Supertonic fits that direction well. Its browser path uses ONNX Runtime Web, which means the model can run directly inside a modern browser tab. You open the tool, load the model, type text, and generate audio locally.

That makes Supertonic useful for:

Private scripts and drafts that should not be sent to a TTS API
Multilingual narration in the currently supported languages
Fast experiments with voice style, speed, and denoising settings
Browser-based workflows where installing a desktop app would be friction
Comparing local TTS engines side by side before choosing one for production

What Is Available Today

The new Supertonic TTS app includes the core controls you need for practical generation:

Control	What it does
Language	Selects the language tag used for the input text
Voice Style	Chooses one of 10 preset styles, M1-M5 and F1-F5
Backend	Uses Auto, WebGPU, or WASM
Steps	Controls the number of denoising passes
Speed	Controls speech rate
Export	Downloads generated audio as WAV or MP3

The integration currently exposes English, Spanish, Portuguese, French, and Korean. We are keeping the language selector limited to what is supported in this build so users do not waste time trying unsupported language tags.

How Steps Work

The Steps setting controls how many denoising iterations the engine runs during generation.

Think of it as a quality and speed trade-off:

Steps	Best for	Trade-off
4-8	Quick drafts and previews	Fastest, but less refined
8	Default everyday use	Balanced quality and latency
12-20	Final exports and careful listening	Smoother, but slower
20+	Experiments	Can be slow in the browser

The default is 8 because it is a practical starting point. If you are testing wording, stay low. If you are exporting final narration, try 12-20 and compare the result.

How Speed Works

The Speed setting controls speech rate.

1.0 is the neutral baseline. Values below 1.0 slow the voice down. Values above 1.0 make it faster.

For most text, the useful range is narrow:

Speed	Result
0.85-0.95	Slower narration, clearer pacing
1.0	Neutral speech rate
1.05-1.25	Slightly faster delivery
1.5+	Useful for experiments, but often rushed

If the output feels too compressed, reduce speed before increasing steps.

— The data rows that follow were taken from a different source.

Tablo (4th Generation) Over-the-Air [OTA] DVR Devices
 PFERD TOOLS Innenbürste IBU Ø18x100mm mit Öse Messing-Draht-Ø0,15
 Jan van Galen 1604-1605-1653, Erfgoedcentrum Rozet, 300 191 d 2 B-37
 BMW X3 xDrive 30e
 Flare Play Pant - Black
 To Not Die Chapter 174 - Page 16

Pacing problems are often easier to fix with speed than with more denoising.

Browser Caching

Supertonic uses several model files: configuration JSON, a unicode indexer, ONNX sessions for duration prediction, text encoding, denoising, and vocoding, plus voice style JSON.

The first load downloads those assets from the configured model host. After that, OfflineTTS stores them in the browser’s IndexedDB cache, the same cache layer used by the other local engines.

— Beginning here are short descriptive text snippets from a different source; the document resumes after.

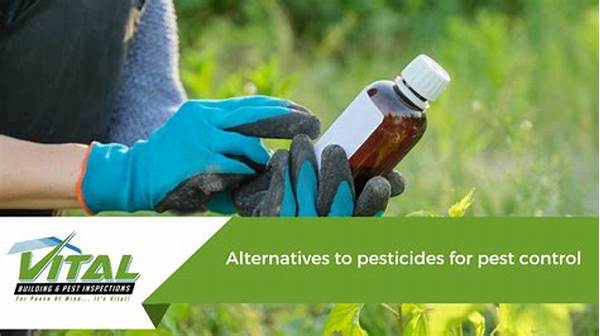 **chemical-free Pest Management Alternatives**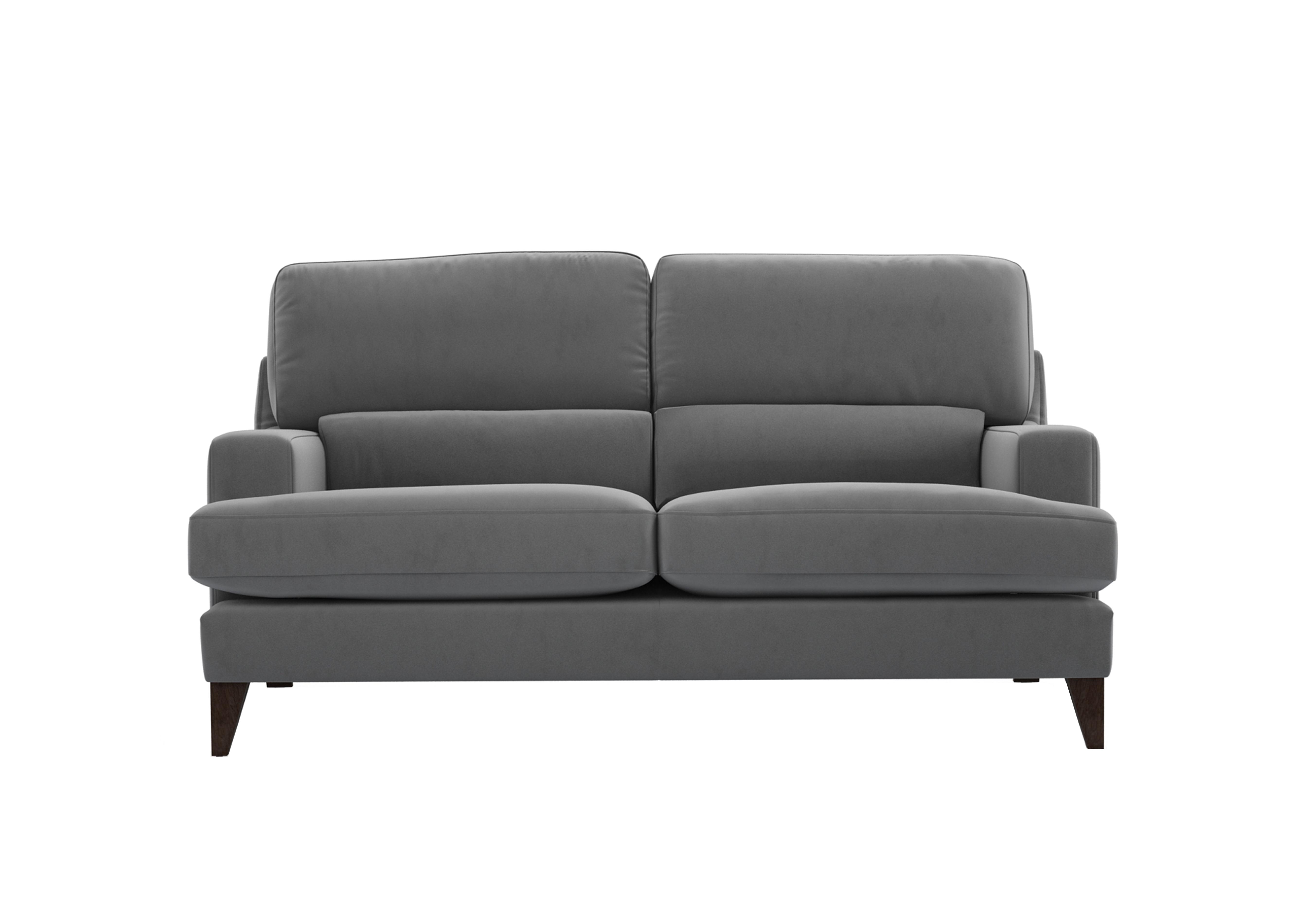 Romilly 2.5 Seater Fabric Sofa in Koa002 Koala Cub Wa Ft on Furniture Village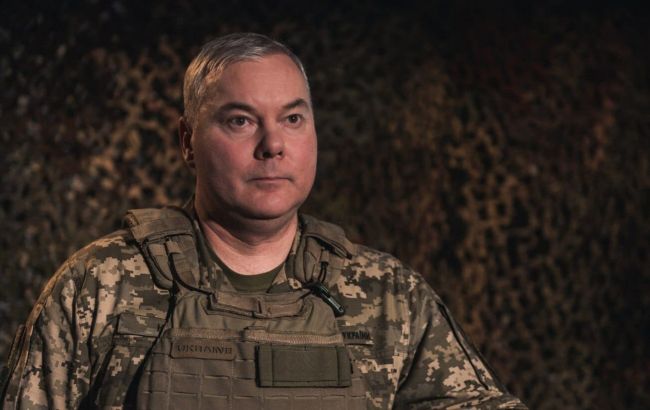 Охорона посилена: Наєв розповів про оборону об’єктів критичної інфраструктури на півночі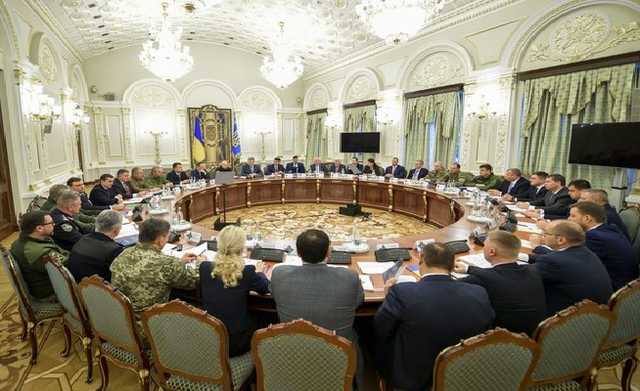 Украина нанесла России новый удар: что решил СНБО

That means repeat visits do not need to re-download the same model files unless the model version changes or browser storage is cleared.

Privacy Model

The Supertonic engine runs text-to-speech inference in the browser.

Your text is normalized, tagged with the selected language, converted into model inputs, and synthesized locally. The generated audio is played in the page and can be exported as WAV or MP3.

There is no account, no API key, and no server-side audio generation in this flow.

How It Compares to Other OfflineTTS Engines

Supertonic is not replacing Kokoro, Piper, or Kitten. It gives you another trade-off profile.

Engine	Best fit
Kokoro	Best all-around quality and a broad curated voice set
Piper	Fast CPU generation and many English voices
Kitten	Smallest model footprint and quick experiments
Supertonic	Local multilingual generation with denoising and style controls

If you are producing English narration and want the most polished voice selection, start with Kokoro. If you want fast CPU-only English generation, try Piper. If you want a tiny model, try Kitten. If you want local generation across English, Spanish, Portuguese, French, and Korean with Supertonic’s style controls, try the new engine.

Try It

Open Supertonic TTS on OfflineTTS, load the model, select a language and voice style, then start with:

Steps: 8
Speed: 1.0 to 1.05
Backend: Auto

For final audio, compare 8 steps against 12-20 steps and keep the speed close to natural speech.

This launch is the first step for Supertonic on OfflineTTS. The immediate goal is to make the browser experience stable, transparent, and useful for real text-to-speech work.